Good, so I’m not the only who’s done this then?



liverpolitan said:


> Then you arrive sweaty and stressed for the flight home, and stew in the overheated and hostile atmosphere of an airport for two hours.


You're right! But WHY is it, no matter how close or how far from your departure time you decide to take a shower, and no matter how relaxed you feel, or how unstressed you think you are, you're ALWAYS sweaty when you get to the airport?! You still smell clean, but you feel dirty, so what's the point?! If it wasn't for me feeling the need to be clean and fresh as a courtesy to the passenger I may be sitting next to, I mightn't bother, though I'd probably be too embarrassed by the resulting smell.

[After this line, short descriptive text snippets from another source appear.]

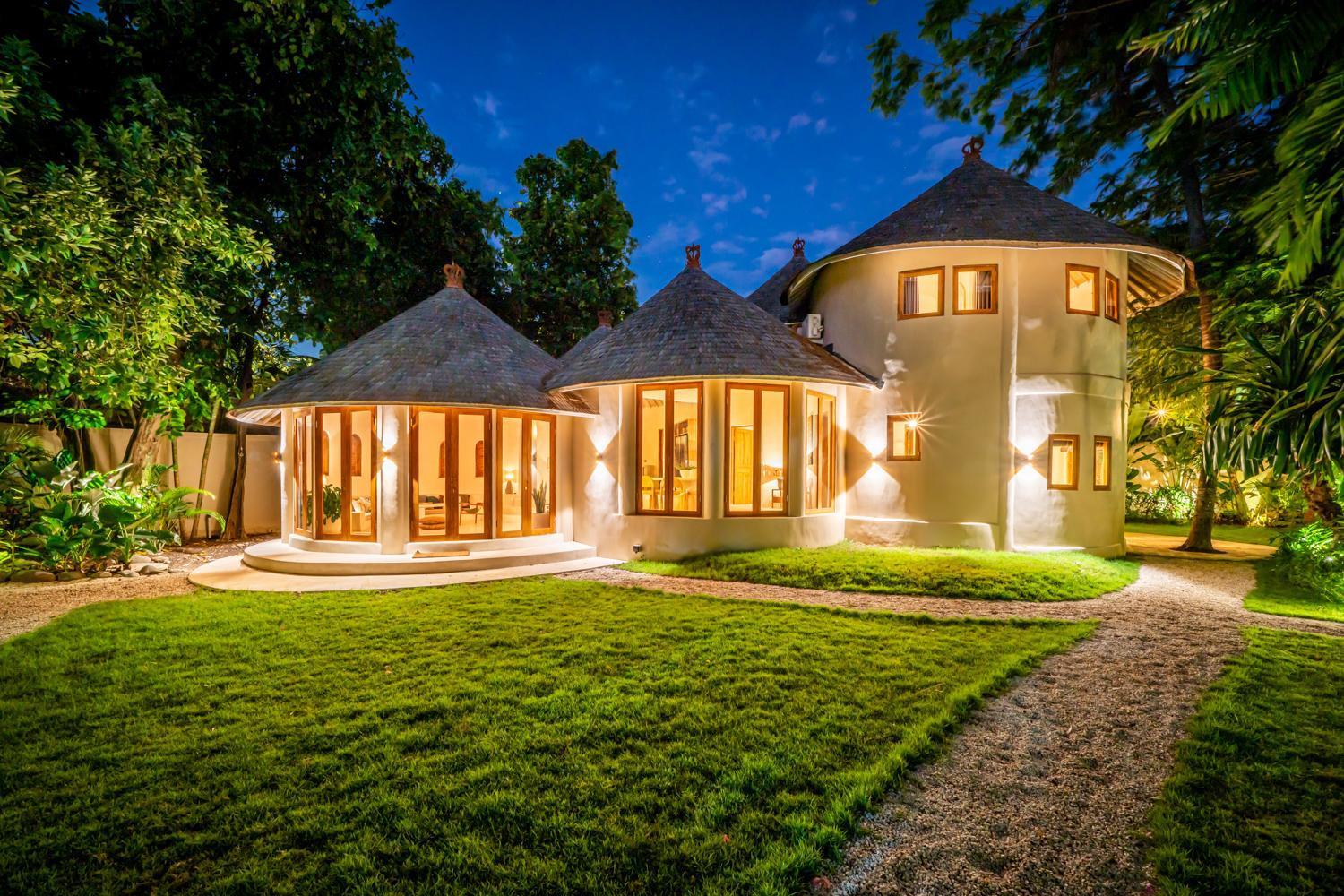 Meraki, 6br, Incl Breakfast, Heart Of Seminyak, Walking Distance To Restaurants, Bars And Shops, Tropical Garden Villa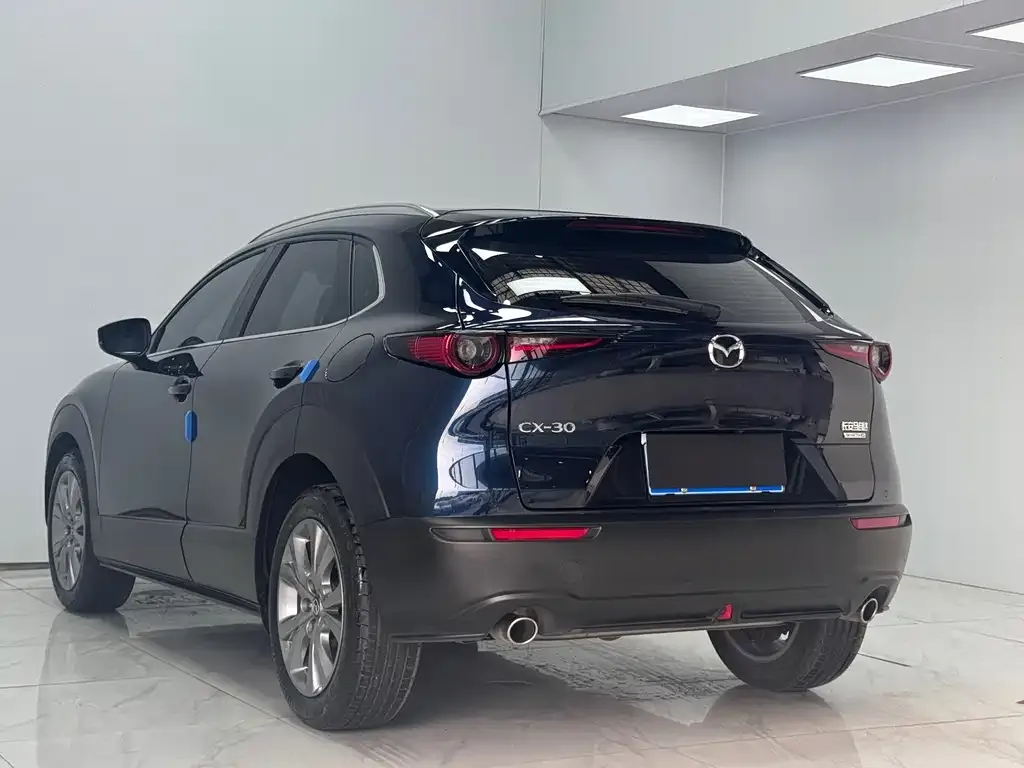 Mazda CX-30 — фото 4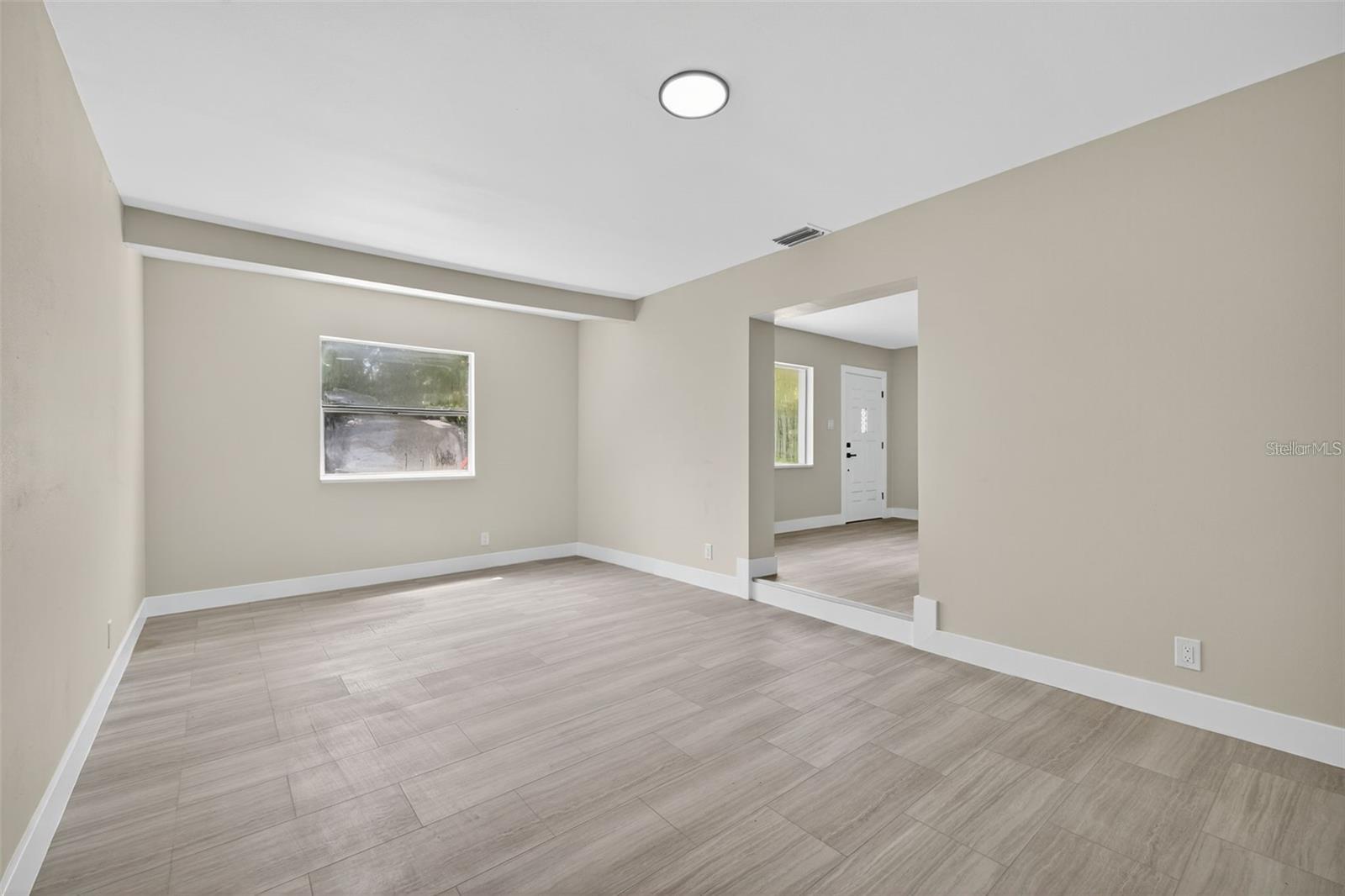 413 COUNTRY CLUB DRIVE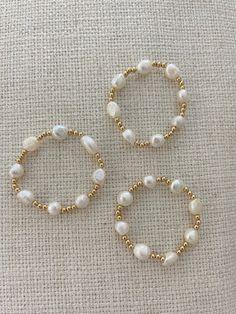 Freshwater pearls mixed with 14k gold filled beads to add a statement to your stack this season! Homemade Bracelets, Autumn Bracelet, Crystal Bead Jewelry, Friendship Bracelets Designs, Jewerly Beads, Clay Bracelet, Beads Bracelet Design, Jewelry Accessories Ideas, Gold Bead Bracelets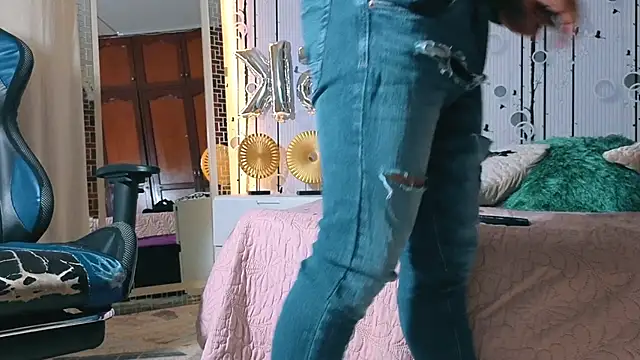 AlphaDrip online show from 11-04-25, 12:15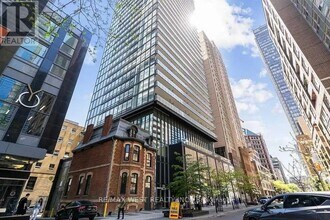 Building Photo - 15 Grenville St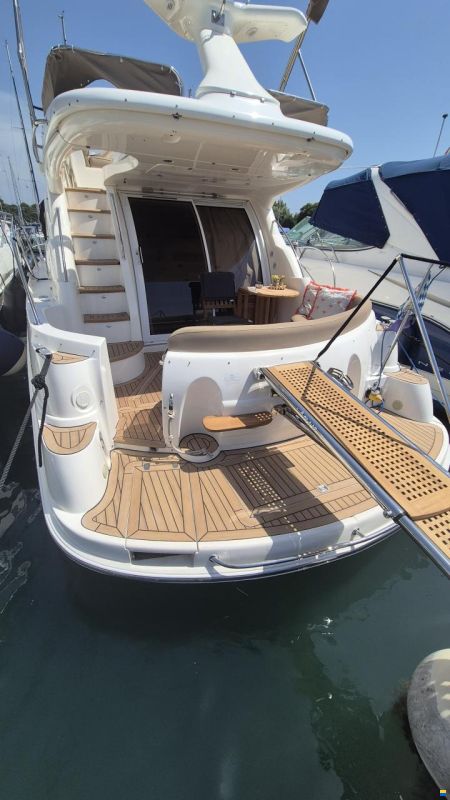 Sealine F37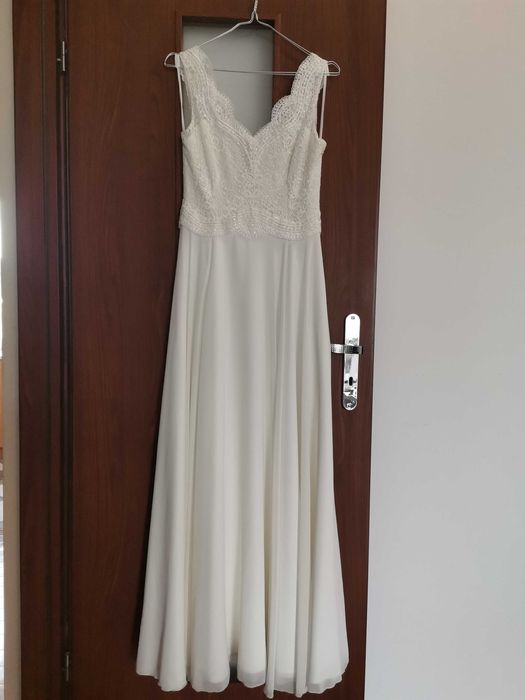 Muślinowa suknia ślubna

And why is it that if I feel the need to be clean and tidy before boarding an aircraft for other people's comfort as well as my own, how is it that other people don’t give a shit getting on board when they clearly haven't showered in the last 24 hours and stink like an elephant's inner thighs?!

(As for the hostile atmosphere, I’ve been the cause of it as well as being forced to listened to it).



liverpolitan said:


> No I don’t want to queue at 6.00 am at the Upper Fucking Crust for a £3.99 spat and shat-on baguette


Very eloquent, but there’s probably more truth in this than you realise!


----------



## demanjo (Dec 9, 2003)

I love travelling, but mainly point-to-point travelling. I just did an around the world trip... and found myself hanging onto experiences i just had in previous countries... it was a shame, it was tough to enjoy it fully. 

I love long trips to single places, namely Japan.... haha


----------



## LordMarshall (Jun 26, 2005)

I said No.

by mistake i was answering another question in a another section and just figured out that where i wanted to say Yes i said No and where i wanted to say No i said yes.

for the record i like traveling...

there so who ever is in charge of this can erase my vote. 

peace


----------



## Bahnsteig4 (Sep 9, 2005)

Hostile airports?


----------



## De Snor (Jul 28, 2002)

I am not a travel fan.
The time that is gone by going from A to B is always to long for me.
Per year I do some 30 trips so you know what I am talking about


----------



## SGoico (Sep 5, 2005)

I'm not addicted but I love travelling both locally and internationally. Wherever we go (me and girlfriend), we only try local food, visit monuments or historical places, mix with local people and also we like to experience the night life...


----------